Además de la Wehrmacht y del Tzahal, el otro objeto de culto de Guenka y sus amigos, tanto sionistas como SS, es una película proyectada de manera casi permanente en Járkov a lo largo de todos estos años, y que han visto juntos diez, veinte veces: Los aventureros, con Alain Delon y Lino Ventura. El cine extranjero, y en especial el francés, es una de las novedades de la era Jrushov. Todo el mundo conoce a Funès y a Delon; diez años más tarde, será Pierre Richard, hombre exquisito al que todavía hoy se le considera un dios vivo en los rincones más remotos de la Unión Soviética, y que nunca niega sus servicios de guest star a una producción georgiana o kazaka. La primera escena de Los aventureros, en la que Delon pasa en avión por debajo del Arco de Triunfo, inspirará a Eduard y a Guenka su desmán más memorable, cuando, borrachos como cubas, como otras tantas veces, intentaron robar y hacer despegar un cachivache en la pista del aeródromo militar. El asunto no irá lejos, los vigilantes que les detienen se lo toman a broma y, enternecidos como yo lo estuve el día en que mis hijos de seis y tres años quisieron marcharse de casa con un hatillo armado con un pañuelo atado alrededor de un paraguas, les ofrecen un trago para consolarles de su fracaso.

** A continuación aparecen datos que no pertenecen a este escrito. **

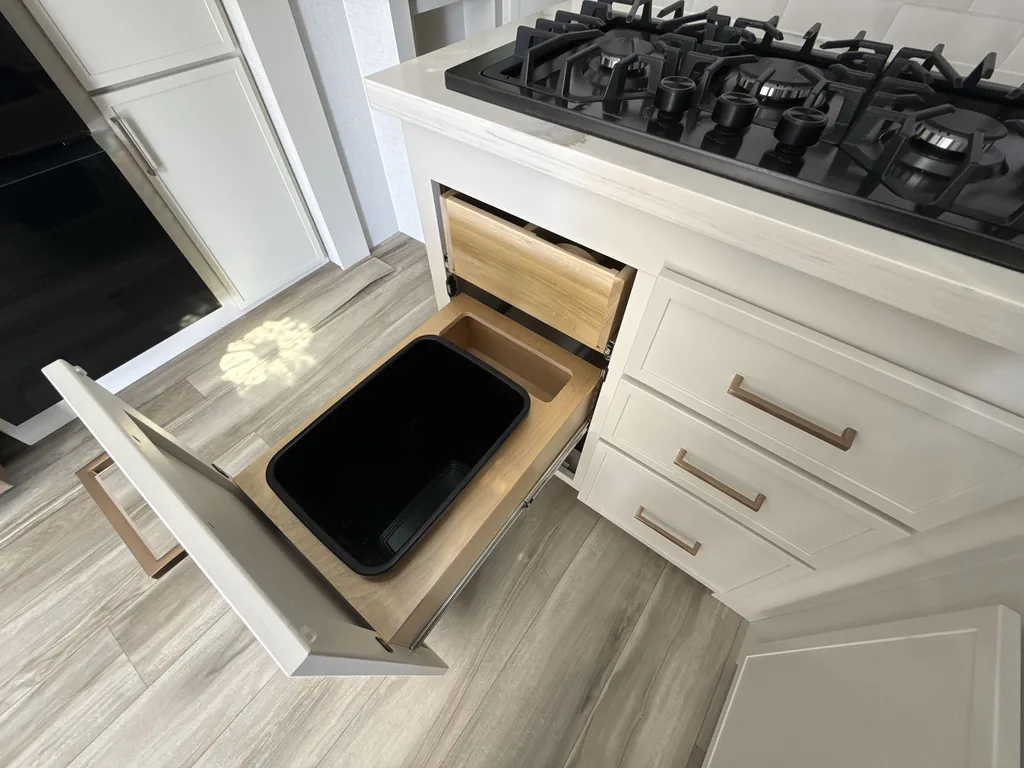 2026 Brinkley Model I 294, Photos photo 23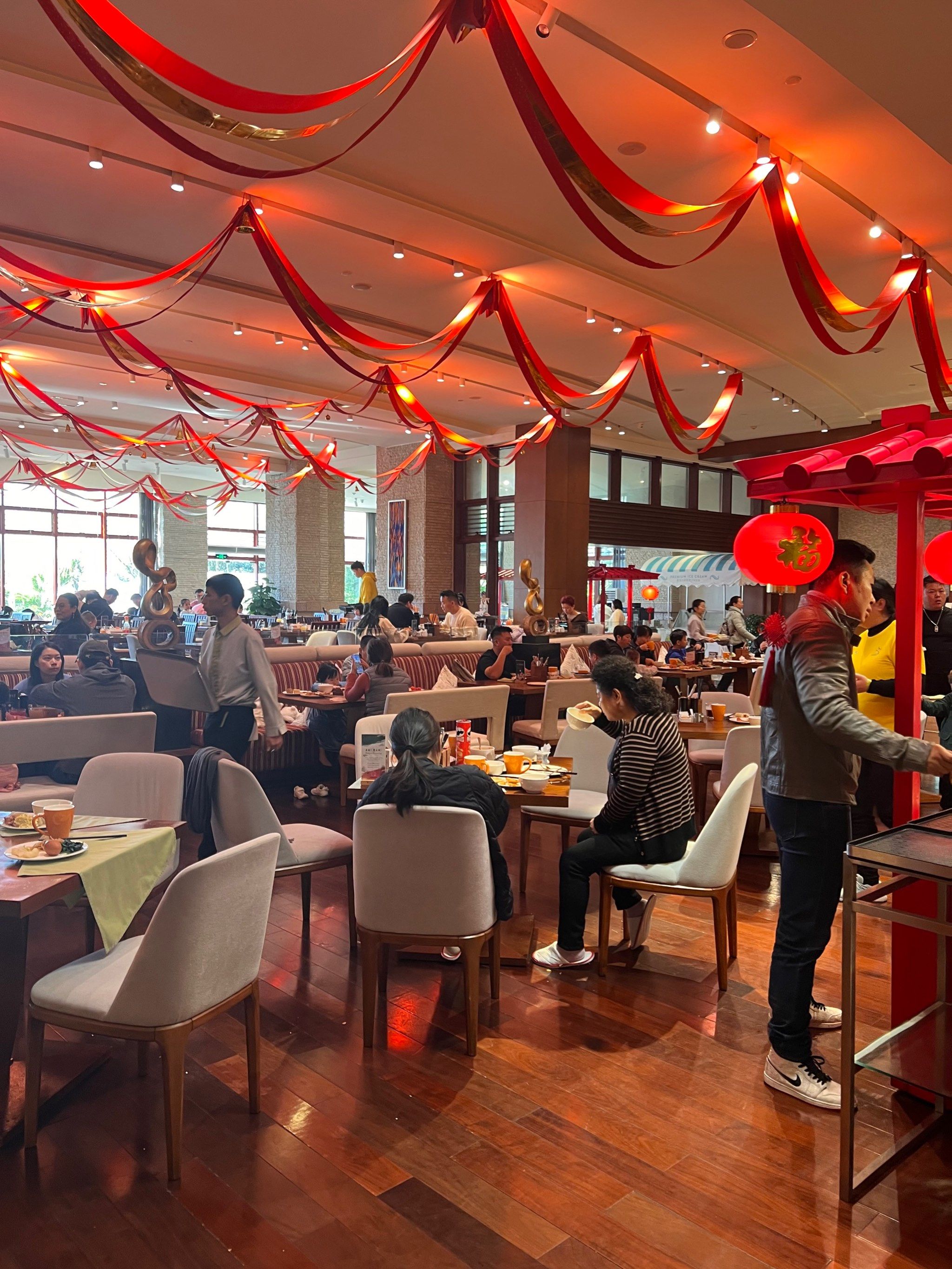 10点人爆满的酒店餐厅
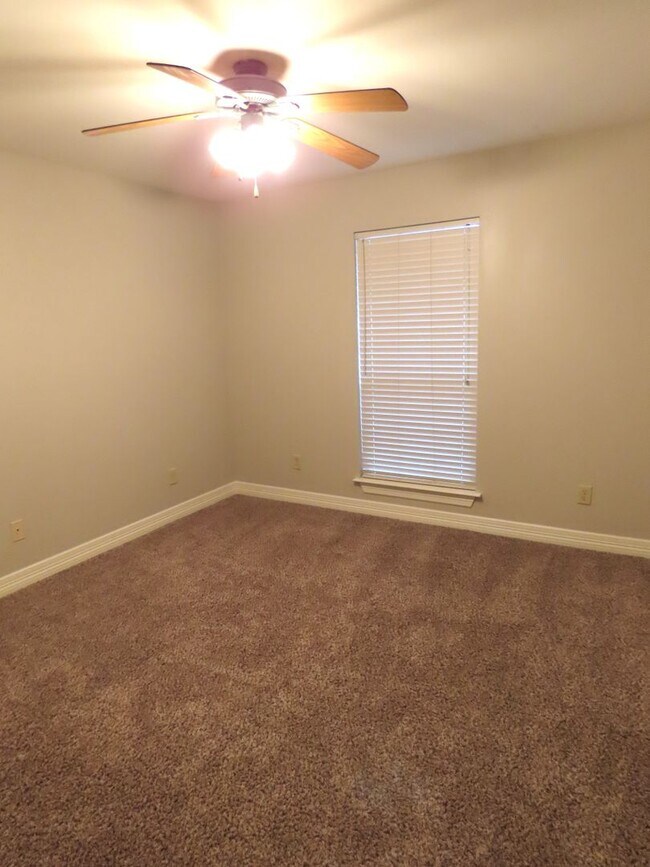 Building Photo - COMING SOON! Whitehouse! Gorgeous 4 Bedroom, 2 Bath Home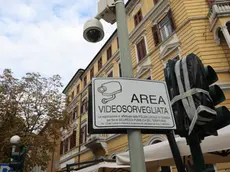 L’impianto di videosorveglianza installato in corso Italia davanti al caffè Garibaldi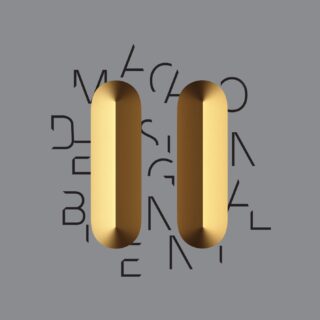 Zwei vertikale, goldene, pillenförmige Objekte auf grauem Hintergrund mit verstreuten schwarzen Großbuchstaben dahinter.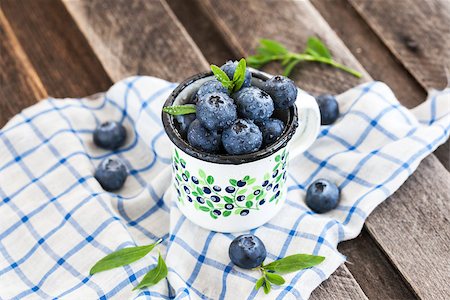 simsearch:400-06698338,k - Fresh blueberry in the mug on wooden table Stock Photo - Budget Royalty-Free & Subscription, Code: 400-07676030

Así transcurren las jornadas de Eduard. Cose, escribe, da vueltas con Guenka y su banda con uno de los hermosos trajes confeccionados por él mismo: se enorgullece especialmente de uno de color chocolate con hilos dorados. Hace abdominales y flexiones, está musculado, bronceado tanto en invierno como en verano porque el moreno le dura mucho tiempo en su piel mate, pero daría cualquier cosa por ser unos centímetros más alto, no usar gafas y tener una nariz menos respingona: por tener el aspecto de un hombre como Delon, al que trata de imitar a solas delante del espejo. Si él la deja sola mucho tiempo, Anna no aguanta y se lanza en su búsqueda. Por lo general le encuentra en el quiosco de bebidas del zoo, y entonces le abronca delante de todo el mundo, grita, le llama cabroncete: molodói niegodiái es el título que él pondrá a sus recuerdos de esta época. Las escenas de Anna le humillan tanto como divierten a los amigos de Eduard. Se burlan del culo gordo y el pelo gris de esta querida que pesa el doble que él y podría ser su madre. Incluso una vez asegura que Anna hace la calle para él: en su filosofía, es mejor ser aprendiz de macarra que chico formal.